Él la olió: era verde y tenía un ligero regusto a pimienta, con un acabado crudo y punzante.

—Vetiver —dijo Willem—. Pruébalo.

Él se echó un poco en la mano, porque entonces no quería que Willem le viera el dorso de las muñecas, y este lo olfateó.

—Me gusta. Hueles muy bien.

De pronto los dos se sintieron cohibidos.

—Gracias, Willem. Me encanta.

Willem también le había pedido al perfumero que creara una fragancia para él. La suya tenía una base de madera de sándalo y a partir de entonces él siempre relacionó esa madera con él; cuando la olía, sobre todo estando de viaje en India, Japón o Tailandia por motivos de trabajo, pensaba en Willem y se sentía menos solo. No habían dejado de ser clientes del perfumero, y una de las primeras cosas que había hecho un par de meses atrás, cuando tuvo la presencia de ánimo para pensar en ello, fue pedir una gran cantidad de la colonia que el hombre había elaborado para Willem. Se sintió tan aliviado y tan febril cuando llegó por fin el paquete que le temblaron las manos al rasgar el envoltorio y abrirlo. Willem se le estaba escabullendo y él necesitaba retenerlo. Roció la fragancia con cuidado en la camisa de Willem, pero el efecto fue decepcionante: no era solo la colonia lo que hacía que la ropa de Willem oliera a Willem; era él su propia esencia. Esa noche se acostó con una camisa impregnada del olor a madera de sándalo, pero este era tan intenso que se impuso sobre todos los demás olores y destruyó por completo lo que quedaba de Willem. Esa noche lloró por primera vez en mucho tiempo, y al día siguiente dobló la camisa y la guardó dentro de una caja en la esquina del armario para que no contaminara el resto de la ropa de Willem.

La colonia y el ritual de la camisa son dos piezas del frágil y tambaleante andamio que ha aprendido a erigir para poder seguir adelante, para continuar viviendo. Si bien a veces tiene la sensación de que más que vivir se limita a existir, que se deja arrastrar por los días en lugar de moverse él. Pero no se mortifica por ello, pues el mero hecho de vivir le resulta bastante duro.

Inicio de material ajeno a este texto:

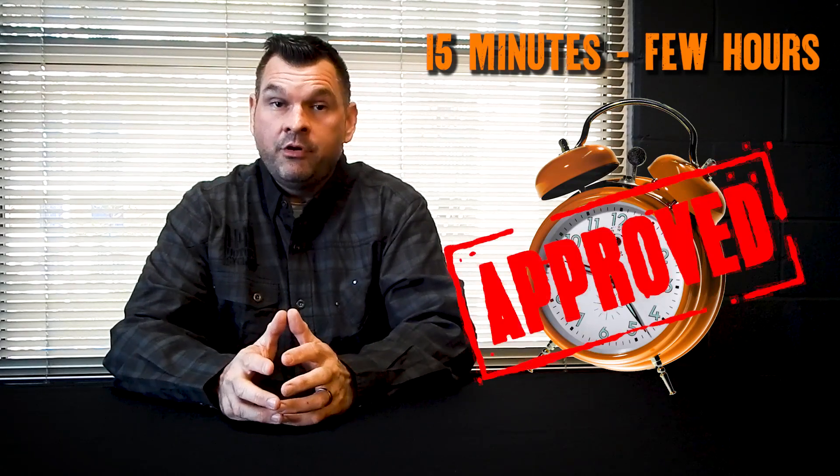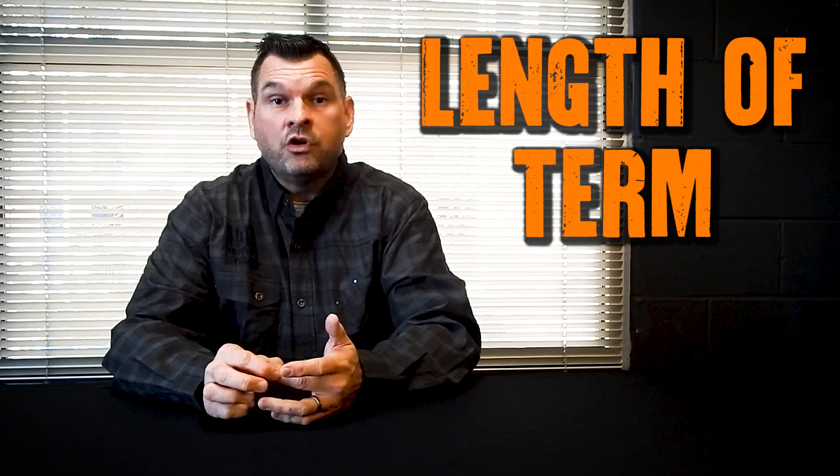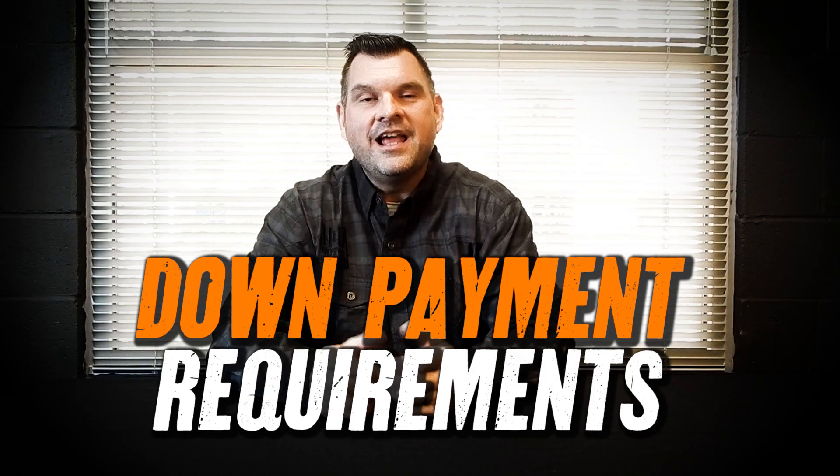Once they have that approval in their hands, they're going to be able to tell you exactly what your APR — annual percentage rate — length of term, and of course your down payment requirements. Length of term is going to be based on your credit, as well as the motorcycle which you've elected to purchase. Down payment requirement: the bank is going to tell your dealership exactly how much money you have to put down to purchase that dream bike of yours.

Ha tardado meses en averiguar qué era lo que mejor funcionaba. Durante un tiempo se dedicó a devorar las películas de Willem, buscaba las secuencias en las que él intervenía, las veía una y otra vez hasta que se quedaba dormido en el sofá. Pero ver a Willem actuando lo alejaba de él, en lugar de acercarlo, y al final descubrió que era mejor detenerse en una imagen, en el rostro de Willem congelado mirándolo, y quedarse contemplándola hasta que se le irritaban los ojos. Al cabo de un mes se dio cuenta de que debía tener más cuidado al seleccionar las películas para que no perdieran su potencia. Entonces se impuso un orden, empezando por la primera película que hizo Willem, La doncella sin manos, que vio de forma obsesiva todas las noches, con pausas y arranques, congelando determinadas imágenes. Los fines de semana se pasaba horas delante de la pantalla, desde que el cielo nocturno daba paso al alba hasta mucho después de que se hubiera vuelto negro de nuevo. Pero luego comprendió que era peligroso ver las películas por orden cronológico, pues poco a poco iría acercándose a la muerte de Willem. De modo que ahora escoge al azar la película del mes, y parece que eso funciona mejor.

Sin embargo, lo que más lo reconforta es fingir que Willem está de rodaje, un rodaje muy largo y agotador, pero al final acabará regresando. Es una ilusión difícil de mantener, porque cuando trabajaba fuera hablaban y se escribían correos electrónicos o mensajes de texto (o las tres cosas) a diario. Agradece haber conservado tantos correos electrónicos de Willem, ya que durante un tiempo fue capaz de leerlos por la noche y fingir que acababa de recibirlos, y, aunque quería atracarse con ellos, tuvo cuidado de leer solo uno al día. Pero enseguida se dio cuenta de que eso no lo consolaría mucho tiempo; tenía que distribuírselos mejor, de modo que ahora lee uno, solo uno, a la semana. Puede releer, si quiere, mensajes que ha leído en semanas anteriores, pero no los que no ha leído aún. Esa es otra de sus reglas.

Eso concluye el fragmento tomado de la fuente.